Wednesday, August 8, 2018

Southwestern Baba Ganoush

Yes, it's entirely fictional. This is another variety of eggplant mush, but this time different from the Mediterranean mushes I've posted before. It's smoky, creamy, spicy, tangy, salty. It's equally at home on a tortilla chip, a cracker, and a slice of rustic bread.

Here it should be mentioned that mashing roasted eggplants is a time-honored tradition, the food of kings.
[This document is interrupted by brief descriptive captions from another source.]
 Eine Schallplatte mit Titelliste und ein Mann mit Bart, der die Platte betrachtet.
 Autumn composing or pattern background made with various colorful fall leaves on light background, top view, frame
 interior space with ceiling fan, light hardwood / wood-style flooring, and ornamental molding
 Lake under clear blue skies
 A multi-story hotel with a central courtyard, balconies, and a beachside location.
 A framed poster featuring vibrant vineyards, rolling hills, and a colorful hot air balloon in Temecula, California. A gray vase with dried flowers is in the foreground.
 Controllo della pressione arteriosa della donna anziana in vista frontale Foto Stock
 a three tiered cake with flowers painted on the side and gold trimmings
Take for instance this fascinating YouTube documentary about re-creating a 15th-century Moorish eggplant recipe from a cookbook that belonged to the chef for Ferdinand I, King of Naples. (Watch it with closed captioning to see English subtitles.) I tip my hat to a friend who shared this link with me recently, and now I'm dying to read the poem in which two women compete for who knows the most eggplant recipes. But on a less intellectual note, this video is just plain eggplant porn.
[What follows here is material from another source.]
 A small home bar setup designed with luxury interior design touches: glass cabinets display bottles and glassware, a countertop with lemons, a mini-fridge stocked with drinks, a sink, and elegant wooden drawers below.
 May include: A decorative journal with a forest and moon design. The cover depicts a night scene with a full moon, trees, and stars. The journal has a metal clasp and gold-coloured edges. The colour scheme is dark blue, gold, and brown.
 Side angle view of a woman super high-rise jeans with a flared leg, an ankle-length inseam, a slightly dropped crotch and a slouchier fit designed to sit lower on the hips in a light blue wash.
My Southwestern Baba is not quite as exquisite as a 15th-century eggplant masterpiece drizzled with flowers. It's that appetizer you bring in a tupperware to the party and everyone says, "what is that stuff?" and you flip your hair and say "oh that? it's delectable mush" or maybe "some weird thing that's not a real dish but it tastes better than it looks." It's addictive.

This recipe makes about 5x this amount, but what a cute widdwe bowlie.

Ingredients
1 large eggplant, halved and roasted with olive oil at 380°
2 hatch chiles, roasted whole until blackened
1 jalapeƱo, see above
3 cloves garlic, chopped
a 2-inch chunk of chevre (soft goat cheese)
two generous dollops of Greek yogurt
smallish blip of mayo (optional for extra creaminess)
~1/2 tsp chipotle in adobo sauce or chipotle-flavored hot sauce (adjust to taste based on desired spice level; I used quite a bit more than this)
~1 tsp Cholula
~1/2 tsp ground cumin
~1/2 tsp ground paprika {you guys know I hate measuring quantities. It's a rustic blog. Use however much looks right and that goes for everything always}
olive oil
squeeze of fresh lime
chopped cilantro
2 chopped scallions
salt and pepper to taste (recommended: use smoked salt!)

Method 
Start by roasting the eggplants and various chiles in the oven at 380° until the eggplant is mushy-soft and chiles are blackened. Remove the skins once the roasted things have cooled. Chop with a knife until roughly mashed.

Before.

After.
Put the mush in a small mixing bowl.

In a small pan, fry the garlic in a generous quantity of olive oil. Watch it like a hawk and don't let it burn. When it looks slighly golden, add cumin and paprika and fry for one more minute or less; don't let the spices burn either! Pour the hot oil and garlic into the mush.

The fragrant part.
Mix in the remaining ingredients, first the goat cheese to let it dissolve into the mush, then the other items. Add a squeeze of lime, salt, and any additional hot sauce to taste. Mix in fresh greenery right at the end and serve with green things scattered on top. Eat warm or cold on top of any carb-like thing you desire.

Goat cheese, orchid cheese? NOOO no more puns no more.